U.S.English Chairman to Congress: English Amendments Are Crucial to Immigration Reform

WASHINGTON, DC--(Marketwired - Jun 28, 2013) - U.S.English Chairman Mauro E. Mujica today released the following statement in response to the Senate's passage of a comprehensive immigration reform bill.

S. 744, the Border Security, Economic Opportunity, and Immigration Modernization Act, will permit current illegal immigrants to stay in the United States upon meeting certain criteria, including paying back taxes and undergoing background checks. The bill also includes increased border security provisions, which should be enforced prior to granting amnesty to illegal immigrants.

"It is extremely disappointing that the Senate's immigration reform bill of more than 1,200 pages does not include any of the English language amendments that were proposed," Chairman Mujica said. "English proficiency is the one tool that immigrants to the United States need to succeed here. Rather than making it easier for immigrants to come to this country and maintain their native language, the government should be encouraging them to assimilate and learn our common language. English proficiency is already required for naturalization, and should likewise be required prior to granting residency to illegal immigrants."

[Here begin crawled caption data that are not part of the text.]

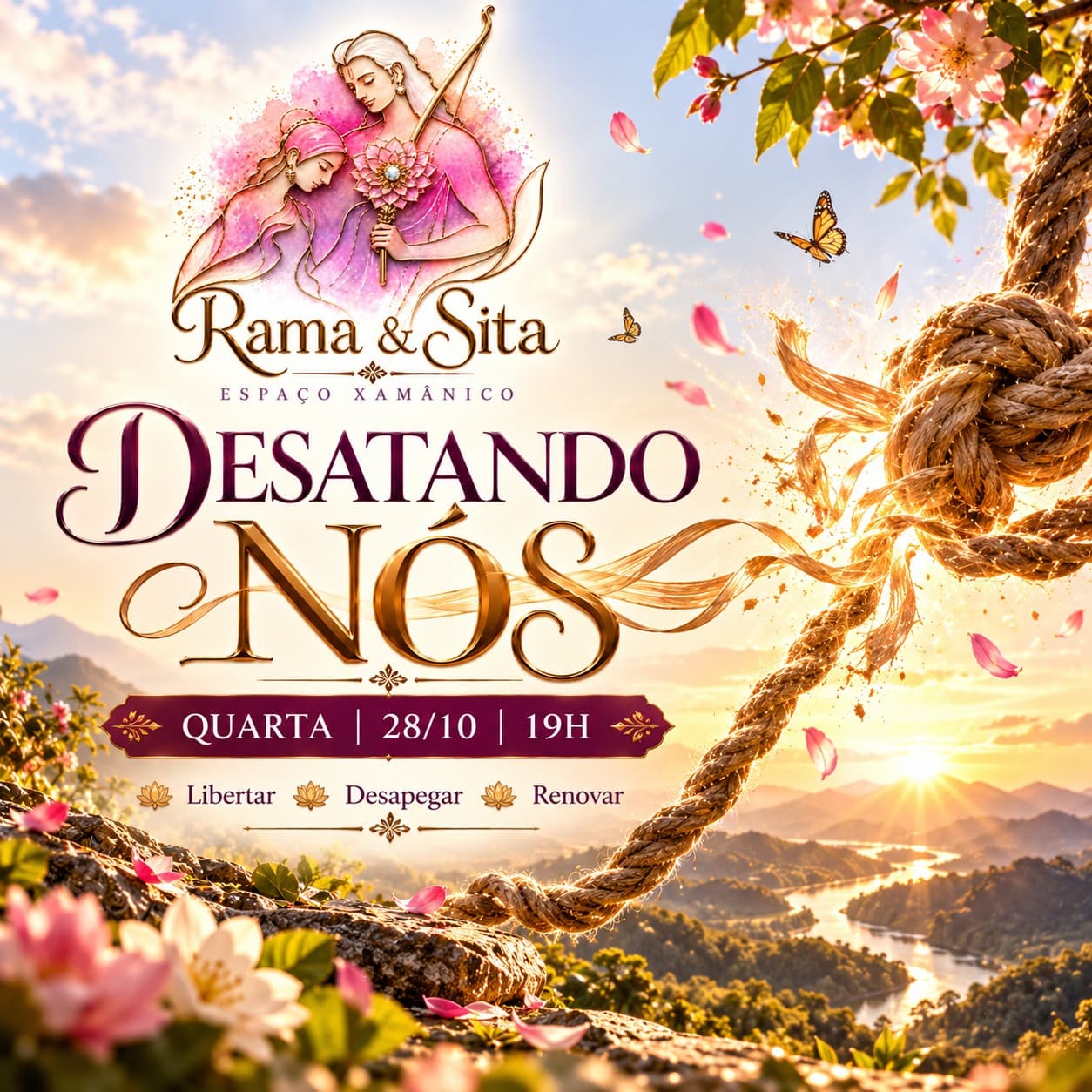 Flyer de Roda de Cura, 28 de outubro de 2026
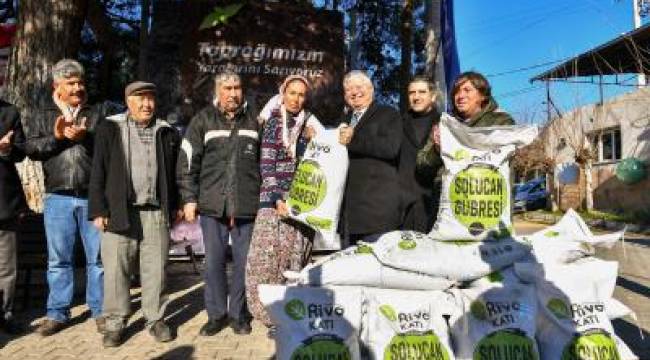 Yangından zarar gören üreticiye Büyükşehir'den destek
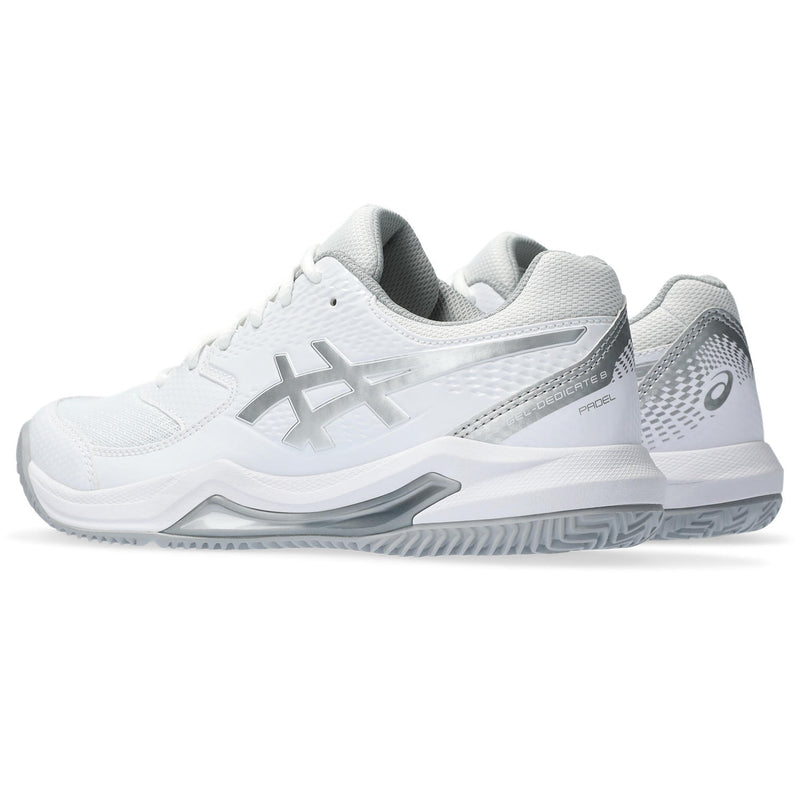 Asics Padelschoen Gel Dedicate 8 Padel Dames Wit - Zilver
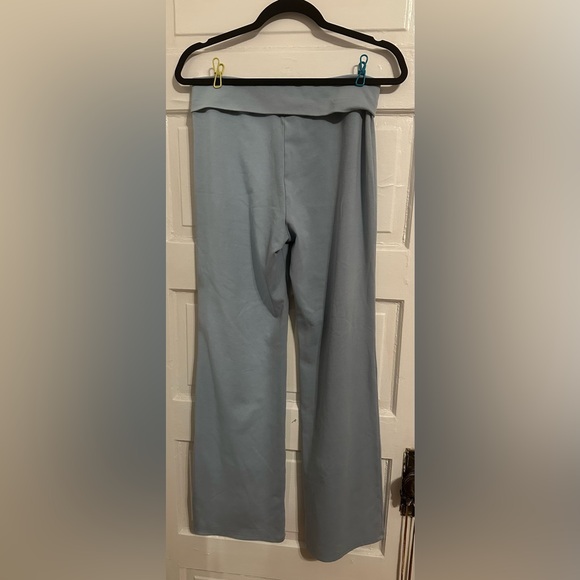 SKIMS Pants - SKIMS Women's Casual Gray Wide-Leg Pants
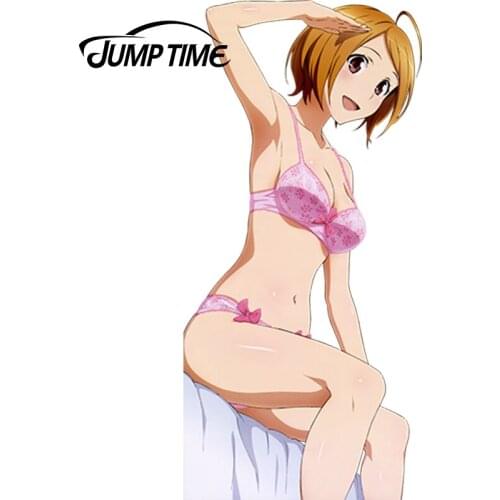 JumpTime 13cm x 6.2cm Sexy Girl Rail Wars! Sasshou Mari Render Decal Car Body Window Trunk Car Stickers JDM Euro Drift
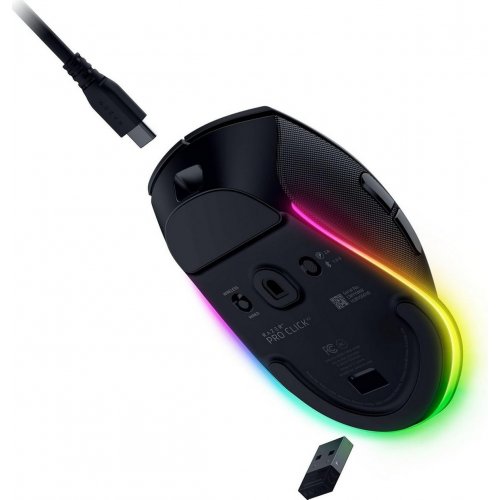 Купити Миша Razer Pro Click V2 (RZ01-03900100-R3M1) Black - ціна в Києві, Львові, Вінниці, Хмельницькому, Франківську, Україні | інтернет-магазин TELEMART.UA фото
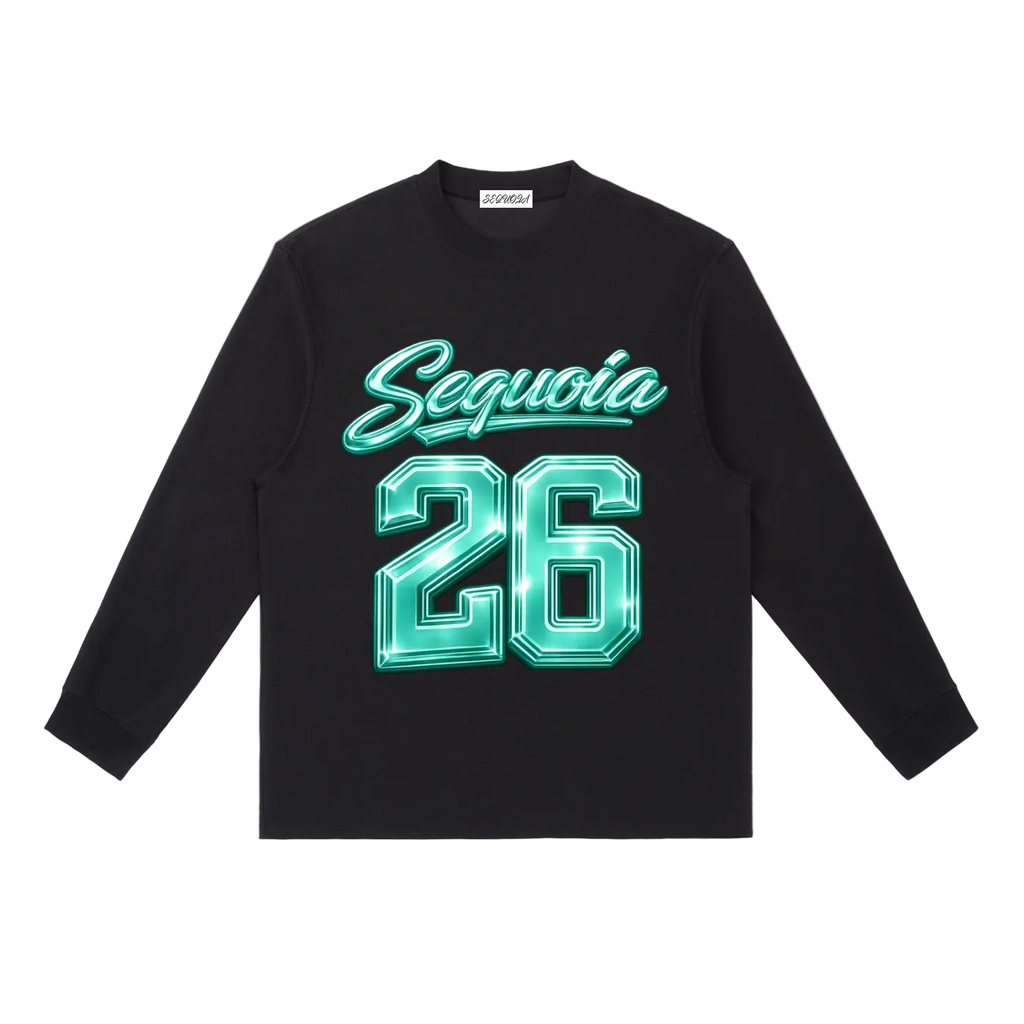 Sequoia 26 longsleeve-black/turquoise *PRE-ORDER*
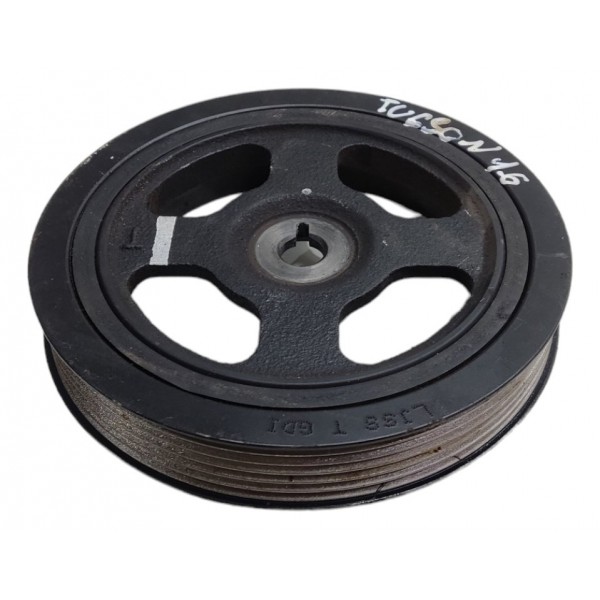 Polia Eixo Virabrequim Motor Tucson 1.6 16v Turbo 2018 2019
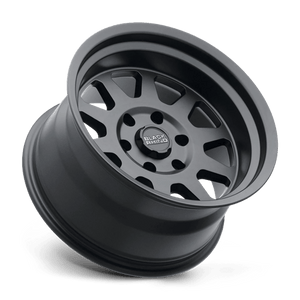 17" Black Rhino Hard Alloys STADIUM MATTE BLACK 6X120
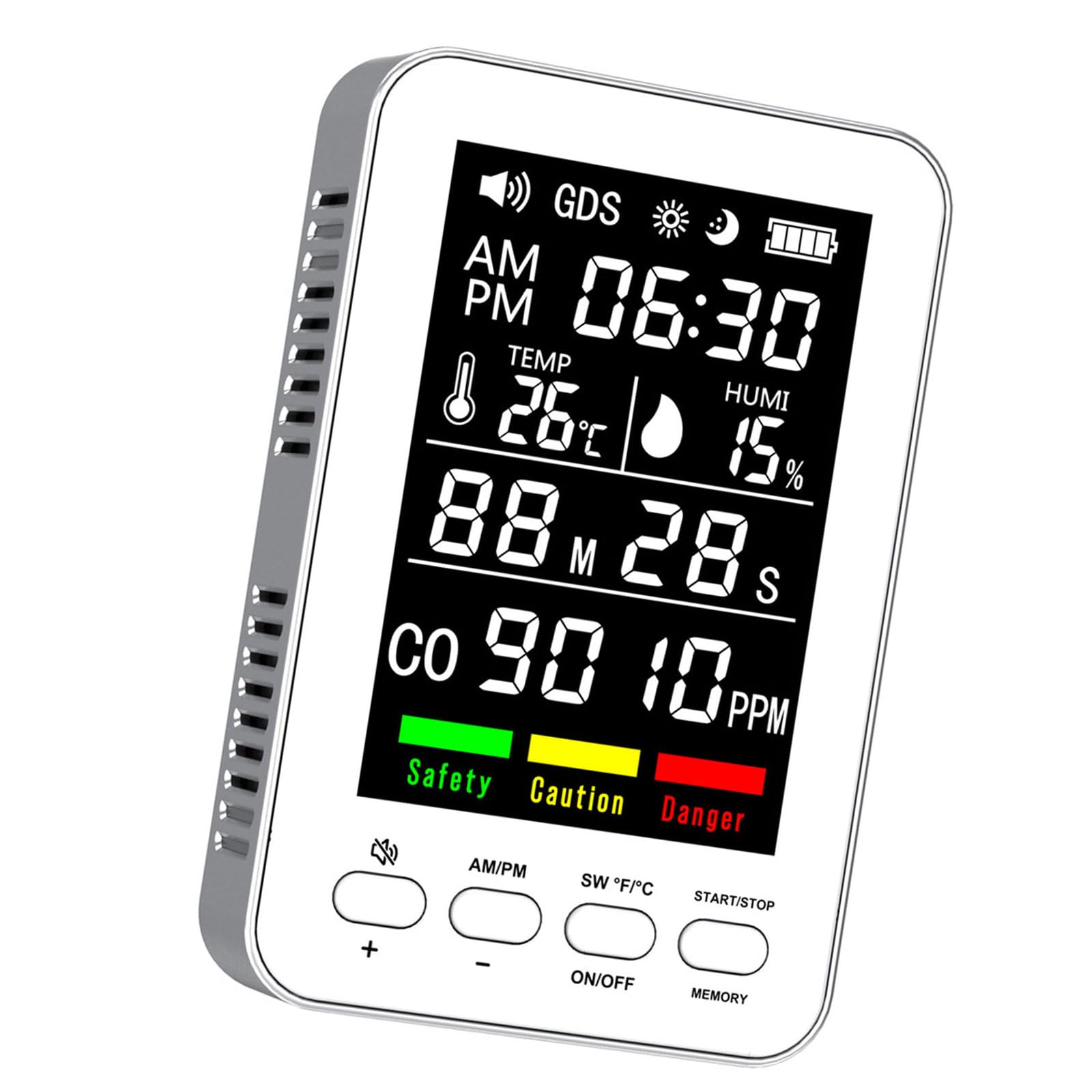 Alarme compacte rechargeable anti-agression pour rassurer les piétons avec flash lumineux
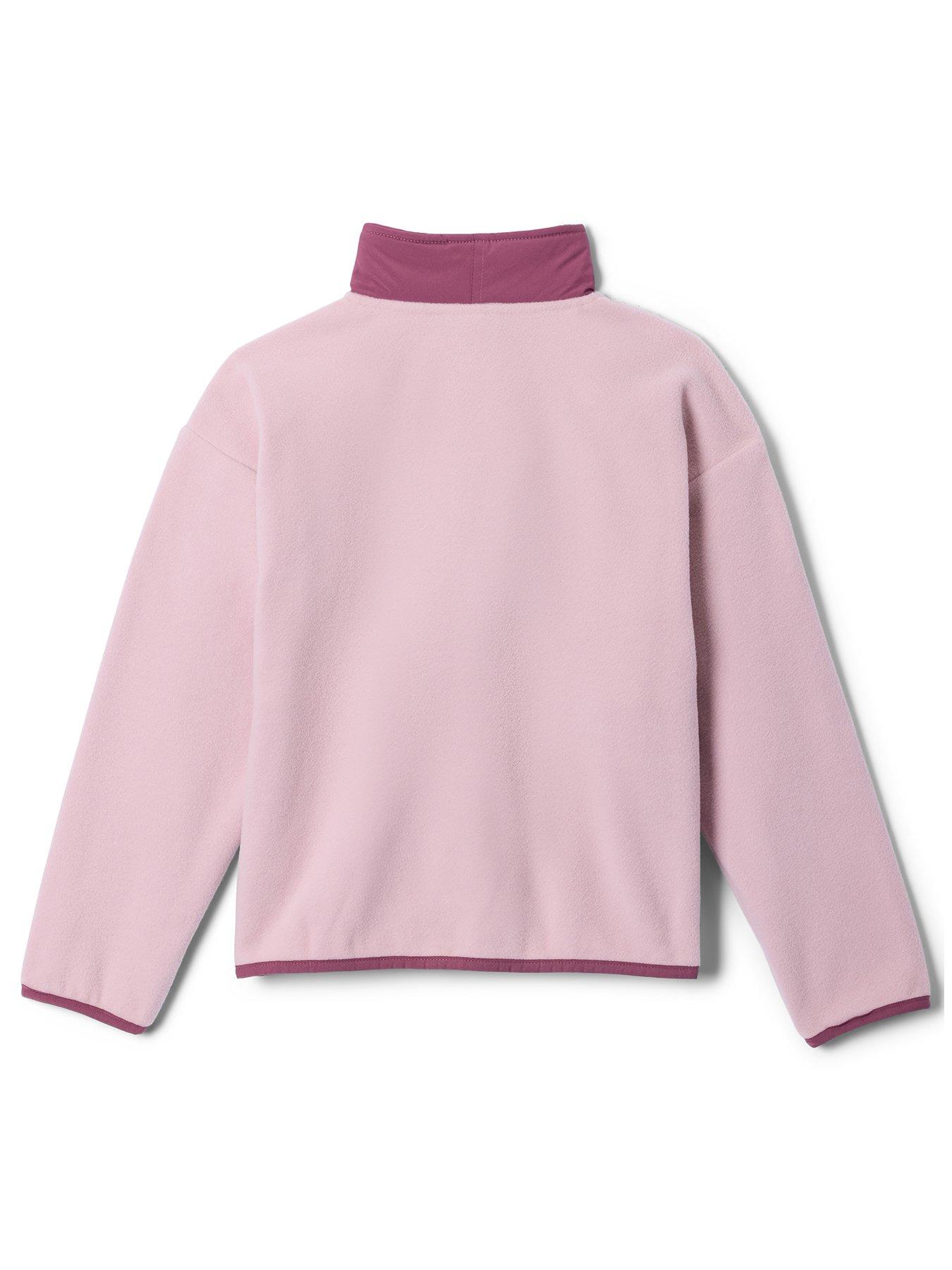 Image 2 of 2 of Columbia Girls Full Zip Soft Fleece High Collar Fleece Jacket - Pink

The legislation passed the Senate on Thursday by a vote of 68 - 32 and now awaits consideration in the U.S. House of Representatives. Senator Marco Rubio, Senator Jim Inhofe and Senator Deb Fischer all introduced amendments that would have strengthened English language requirements and processes. One would have declared English the official language of the United States government, one would have required immigrants to demonstrate English proficiency prior to gaining residency, and one would have accounted for the cost of multilingualism in the federal government. None of these amendments were included in the legislation passed by the Senate.

"As the House of Representatives prepares to take up immigration reform legislation, I strongly urge them to include crucial provisions highlighting the importance of English proficiency among immigrants to the United States," Mujica added. "Immigrants who learn English prior to becoming residents of the United States will find that doors of opportunity open to them and they will be able to contribute to society on a level playing field with native citizens. The English language is the one thread that unites American citizens in our diversity, and immigration reform that does not require English proficiency is not serving its purpose."

U.S.English, Inc. is the nation's oldest and largest non-partisan citizens' action group dedicated to preserving the unifying role of the English language in the United States. Founded in 1983 by the late Sen. S.I. Hayakawa of California, U.S.English, Inc. ( now has more than 1.8 million members.